I've found myself easily annoyed and craving crappy food - sure signs I need to take a break and recalibrate. I don't love routine, but I do love having a few things set in stone that I work around. The first thing I realize is that I had gotten myself used to a pattern of endorphin-inducing exercise classes. I haven't quite found the right pattern yet of how to reintroduce them, but I know I need to. I also haven't been walking my dogs as much, mostly due to the cold. It is such a toss up for me: do you want the endorphins you know come with walking your pups enough to brave the cold? Usually, my dislike of being cold wins out. Again - something I know I need to break.
2017 came with a lot of ups and downs that caused a lot of reflection and introspection. Growth, physical and emotional, can be painful. It is sometimes hard to let go of things you felt were hard truths. The past few weeks, I've found myself turning to some of my comforts that I didn't even realize were comforts. On a night I knew I needed quiet time with my dogs to get my head back straight, I found myself searching my DVDs for one in particular. This particular DVD I hadn't watched in at least 5 years, though it had been a constant on my super sweet giant box TV (with a combo VCR and DVD player) in college: Jerry Seinfeld Live On Broadway: I'm Telling You For the Last Time. My college friend Mary had introduced me to this delightful DVD our freshman year, and the amount of time it spent in that Box TV's DVD player is a little embarrassing.
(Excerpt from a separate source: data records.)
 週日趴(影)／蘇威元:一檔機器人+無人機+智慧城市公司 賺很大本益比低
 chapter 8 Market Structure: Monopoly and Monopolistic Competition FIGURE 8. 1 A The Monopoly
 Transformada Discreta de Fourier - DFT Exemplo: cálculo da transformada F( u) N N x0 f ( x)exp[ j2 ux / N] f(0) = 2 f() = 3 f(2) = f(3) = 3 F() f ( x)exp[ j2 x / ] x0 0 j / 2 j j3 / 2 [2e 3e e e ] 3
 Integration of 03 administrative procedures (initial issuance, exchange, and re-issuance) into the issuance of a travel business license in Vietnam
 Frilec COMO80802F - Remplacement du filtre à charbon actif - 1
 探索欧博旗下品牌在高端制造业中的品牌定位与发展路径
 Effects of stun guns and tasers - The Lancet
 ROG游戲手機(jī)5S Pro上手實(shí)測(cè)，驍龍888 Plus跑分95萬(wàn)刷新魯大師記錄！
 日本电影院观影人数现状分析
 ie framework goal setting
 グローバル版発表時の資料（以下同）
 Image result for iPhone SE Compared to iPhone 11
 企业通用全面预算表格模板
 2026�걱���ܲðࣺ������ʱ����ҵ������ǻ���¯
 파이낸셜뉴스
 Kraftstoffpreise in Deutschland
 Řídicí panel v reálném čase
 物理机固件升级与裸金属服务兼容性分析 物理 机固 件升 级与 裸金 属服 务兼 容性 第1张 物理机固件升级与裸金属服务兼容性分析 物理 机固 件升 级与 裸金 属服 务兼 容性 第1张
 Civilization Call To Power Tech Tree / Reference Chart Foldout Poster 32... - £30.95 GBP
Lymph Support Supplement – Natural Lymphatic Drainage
I searched my DVDs that night and couldn't find it - I was heartbroken. So I poured myself a glass of Cab and did what I do best: scoured the internet. I found the DVD easily enough on Amazon and immediately placed an order. Clearly, I didn't even need to ask my shopping gatekeeper Tam because this was a necessity and a replacement. I then stumbled into something wonderful: I'm Telling You For the Last Time is on Netflix. I immediately gathered my dogs and plopped on the couch. It holds up, I laughed just as hard as I did every time I watched in college! The only disappointment is that on Netflix they don't show the bonus question and answer session at the end, which happens to be my favorite. Not to worry, the DVD has safely arrived!
What is my point in sharing this? I am glad I took that night and reconnected with something so simple that makes me laugh so much. My mood was noticeably lighter the next day, solely because of this simple return to something that not only reminds me of a great time with great people in my life, but truly makes me laugh. I rewound and watched Seinfeld's skit on the Olympics at least 4 times, my abs hurting from giggles. I hope you have something like this that you turn to when you are down!